What to work on:
Beginning at the line that includes "Porsche Boxster 986 2.7 ASI" in the entries below, print each line exactly as it appears, through the last one.

Records from a data collection:
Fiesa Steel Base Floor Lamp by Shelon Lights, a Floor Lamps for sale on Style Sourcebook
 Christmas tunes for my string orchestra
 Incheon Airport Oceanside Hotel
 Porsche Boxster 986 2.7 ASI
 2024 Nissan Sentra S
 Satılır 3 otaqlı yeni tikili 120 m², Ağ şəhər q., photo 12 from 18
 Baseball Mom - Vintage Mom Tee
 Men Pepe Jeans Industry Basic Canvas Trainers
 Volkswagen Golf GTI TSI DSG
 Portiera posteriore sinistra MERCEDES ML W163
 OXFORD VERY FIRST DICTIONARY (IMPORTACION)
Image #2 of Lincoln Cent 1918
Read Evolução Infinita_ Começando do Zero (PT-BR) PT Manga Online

Exercise solution:
 Porsche Boxster 986 2.7 ASI
 2024 Nissan Sentra S
 Satılır 3 otaqlı yeni tikili 120 m², Ağ şəhər q., photo 12 from 18
 Baseball Mom - Vintage Mom Tee
 Men Pepe Jeans Industry Basic Canvas Trainers
 Volkswagen Golf GTI TSI DSG
 Portiera posteriore sinistra MERCEDES ML W163
 OXFORD VERY FIRST DICTIONARY (IMPORTACION)
Image #2 of Lincoln Cent 1918
Read Evolução Infinita_ Começando do Zero (PT-BR) PT Manga Online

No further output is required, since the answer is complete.